### WHAT THE TASK ASKS
When you restate the entries that follow, keep every word exactly and drop the pictures.
++++ LISTED RECORDS ++++
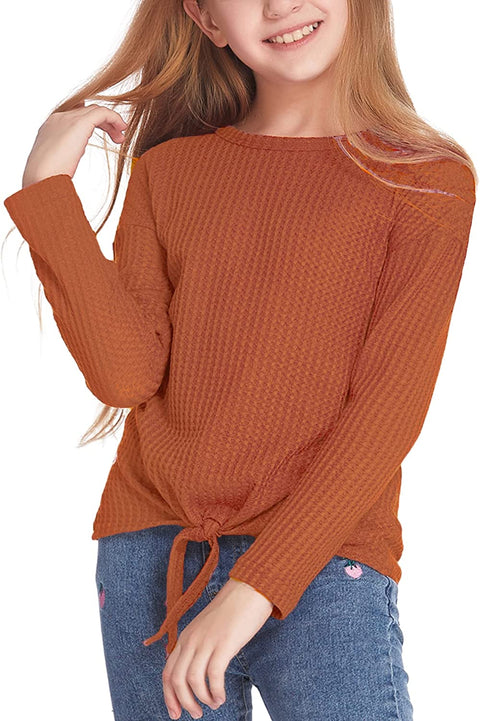 Arshiner Girls Knit Tops Colorblock Shirts Long Sleeve Sweaters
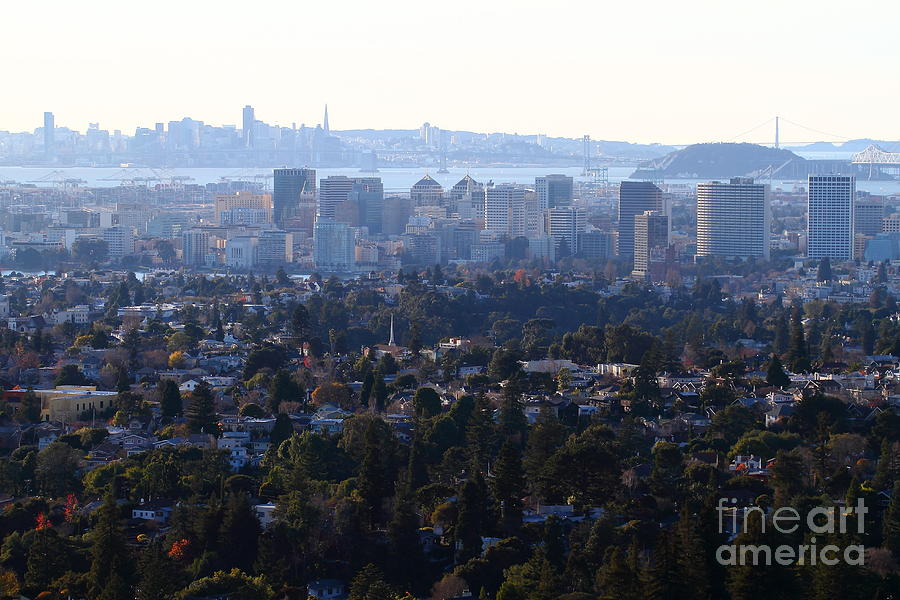 Hazy San Francisco Skyline Viewed Through The Oakland Skyline . 7D11341 Photograph by Wingsdomain Art and Photography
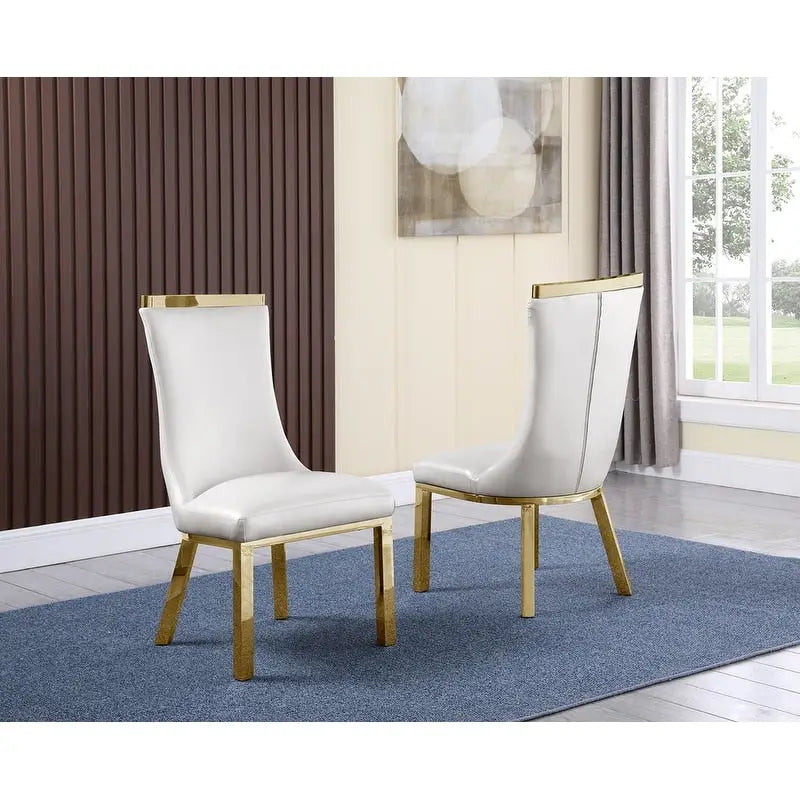 Chaises de salle à manger en acier inoxydable doré (lot de 2)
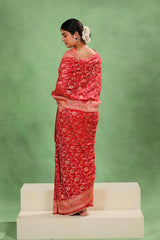 Red Georgette Bridal Bandhej Saree with Gold Zari Jaal and Meenakari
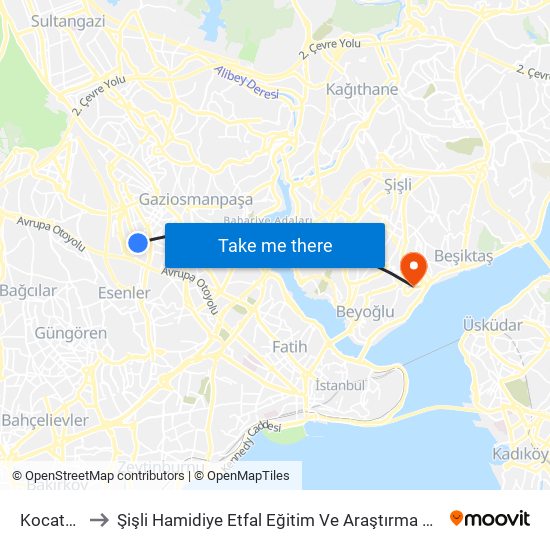 Kocatepe to Şişli Hamidiye Etfal Eğitim Ve Araştırma Hastanesi map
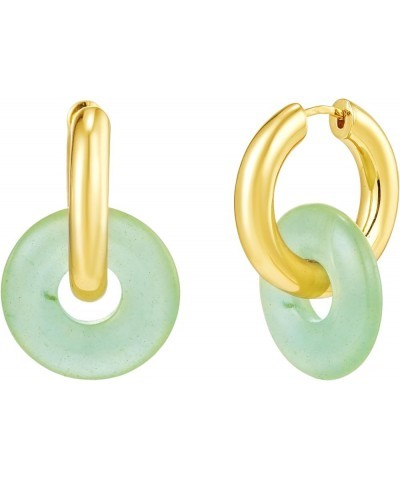 Jade Chunky 18K Gold Dangle Drop Hoop Huggie Earrings for Women Gift for Her 01-Clara Jade Yellow Gold $13.89 Earrings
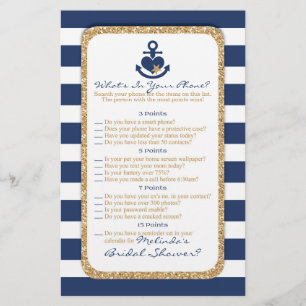 Nautical Navy & Gold What's In Your Phone Flyer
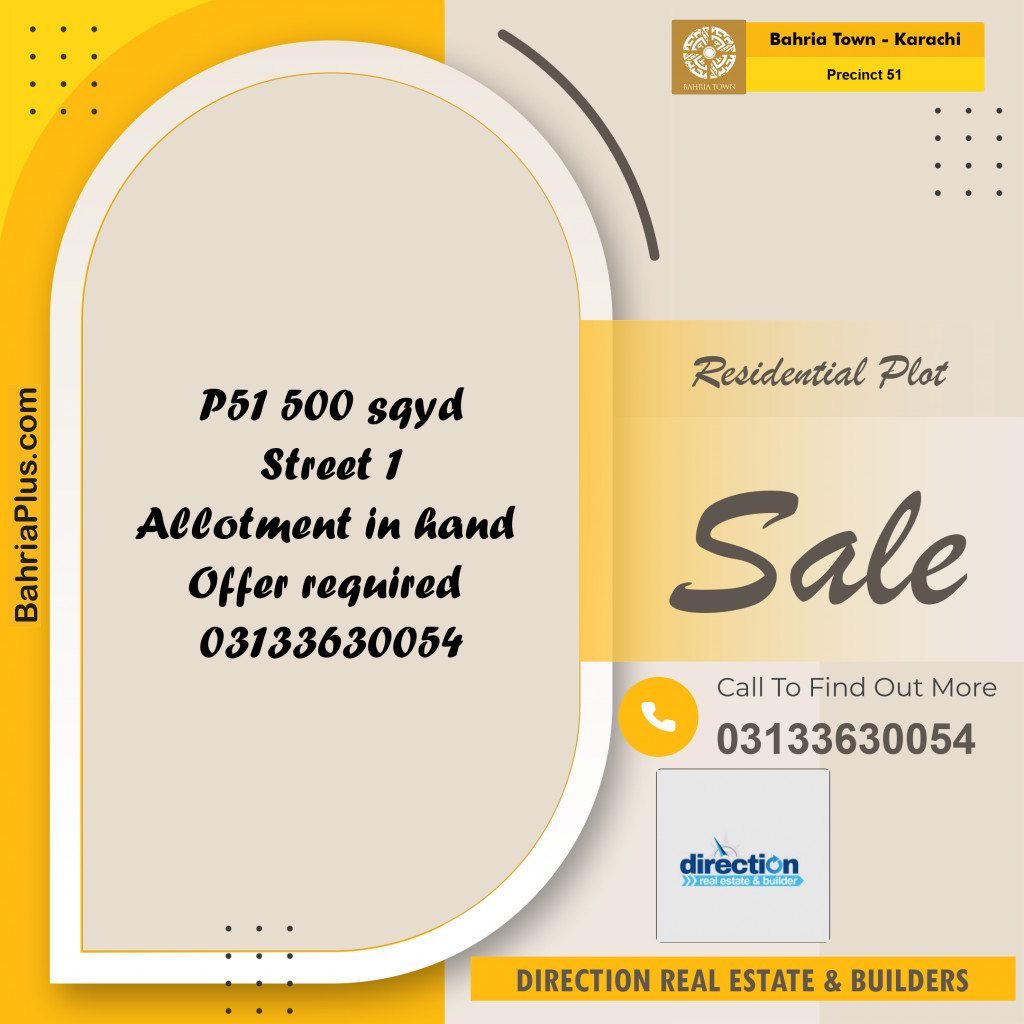 500 Sq. Yards Residential Plot for Sale in Precinct 51 -  Bahria Town, Karachi - (BP-172247)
++++
### ANSWER BOX
 Arshiner Girls Knit Tops Colorblock Shirts Long Sleeve Sweaters
 Hazy San Francisco Skyline Viewed Through The Oakland Skyline . 7D11341 Photograph by Wingsdomain Art and Photography
 Chaises de salle à manger en acier inoxydable doré (lot de 2)
 Red Georgette Bridal Bandhej Saree with Gold Zari Jaal and Meenakari
 Kocatepe to Şişli Hamidiye Etfal Eğitim Ve Araştırma Hastanesi map
 Jade Chunky 18K Gold Dangle Drop Hoop Huggie Earrings for Women Gift for Her 01-Clara Jade Yellow Gold $13.89 Earrings
 Nautical Navy & Gold What's In Your Phone Flyer
 500 Sq. Yards Residential Plot for Sale in Precinct 51 -  Bahria Town, Karachi - (BP-172247)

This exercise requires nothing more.